Wood-screws, i.e., metal screws with thin, deep, sharp-edged tap-worms, are used for screw-joints. Screws which are gimlet-pointed penetrate the wood more easily than others.

The wood-screws used in screw-joints are of different kinds, with half-round, curtailed conical, or square heads. The two first only are used in wood-slojd. In both, the head of the nail is furnished with a slit for receiving the screwdriver.

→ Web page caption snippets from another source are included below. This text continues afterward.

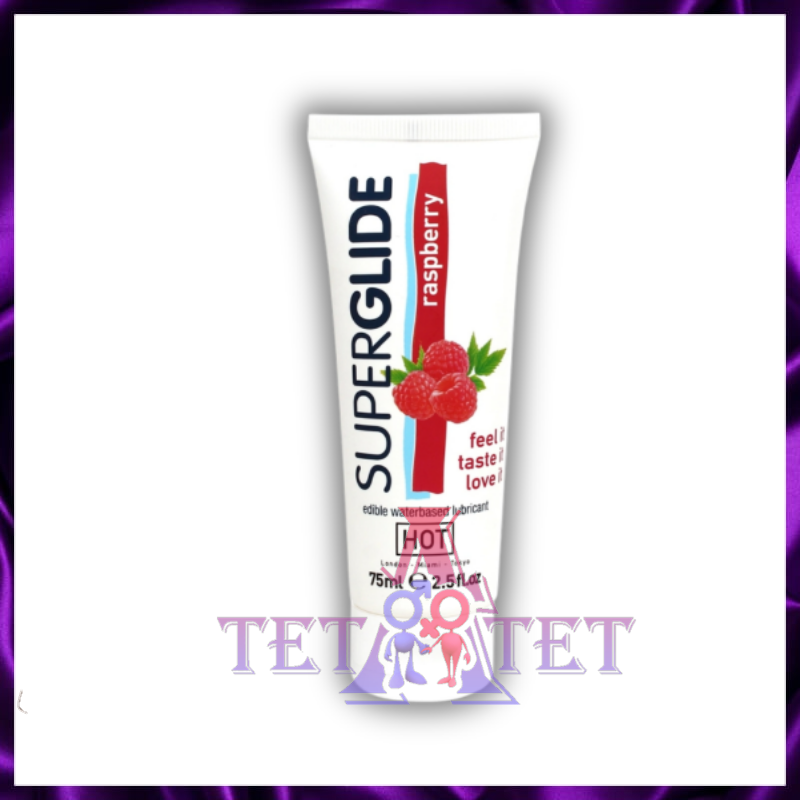 Лубрикант Superglide Raspberry — съедобный, на водной основе, 75 мл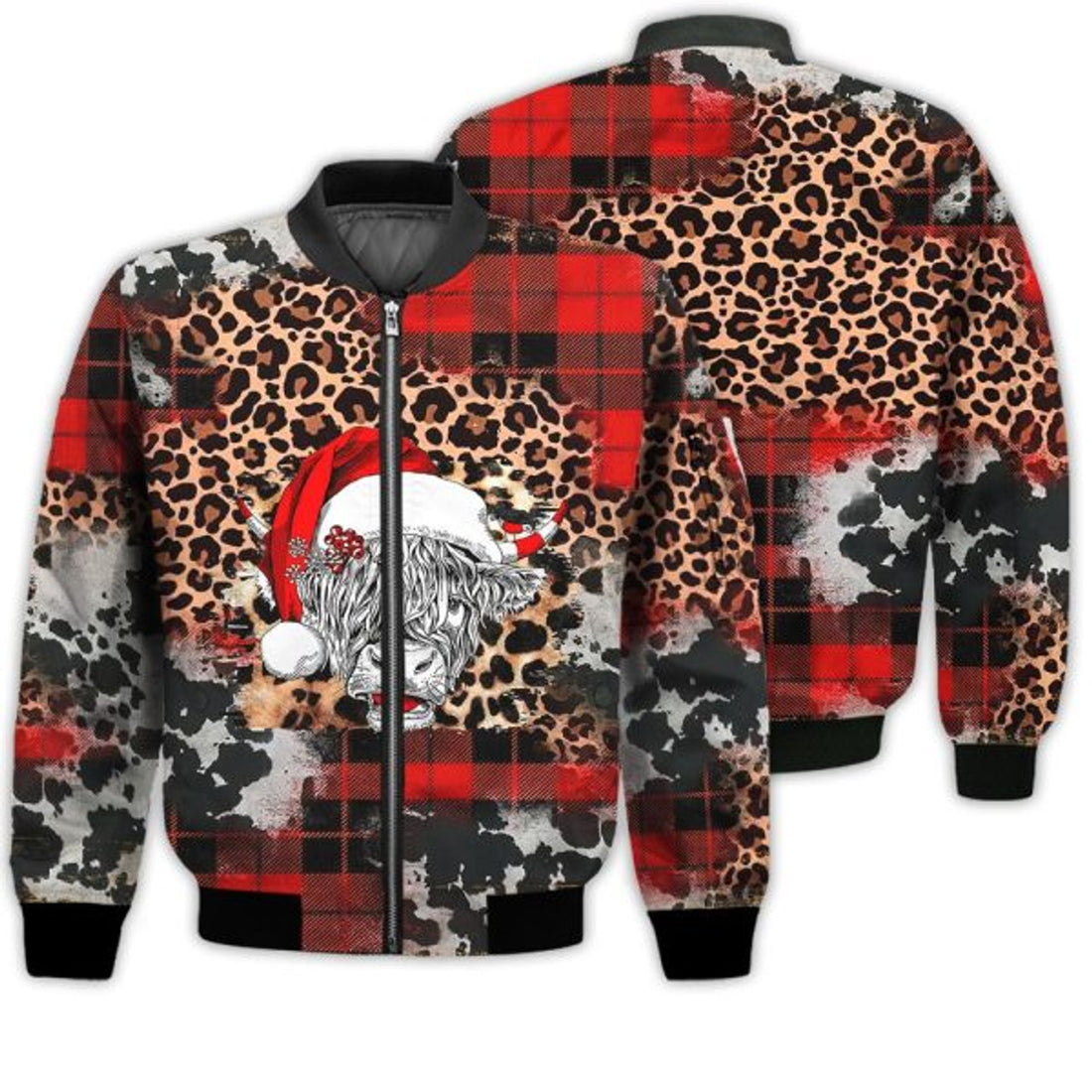 FUNSTUFFPRINTI Merry Christmas Christmas Cow Leopard Retro Christmas Holiday Gifts Unisex 3D Bomber Jacket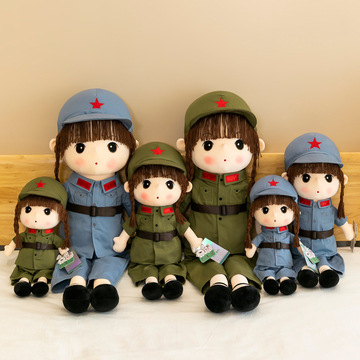 创意变装娃娃红军菲儿毛绒玩具公仔 八一节礼品批发军装毛绒菲儿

Jointing with wood screws.

Fig. 87. Wood Screws.

Fig. 87. Wood-Screws.

A with half-round, B with conical head.

When A (Fig. 87) is used, the head of the screw remains above the surface of the wood. In joints made with B, the head is made to lie level with the surface, for which purpose the hole bored for its reception is afterwards counter-sunk. Wood-screws are made in many-lengths from about 1/4 inch to 3 inches, and of varying thickness. They are very generally-used, and are especially useful for articles which require sometimes to be taken apart and put together again.

In consequence of their peculiar form, screws give a much stronger and firmer joint than nails, which hold the pieces together simply by friction. A screw cannot be drawn out without unscrewing, unless the wood around it is cut away. The hole bored for the reception of the screw should be as deep as the length of the unwormed portion.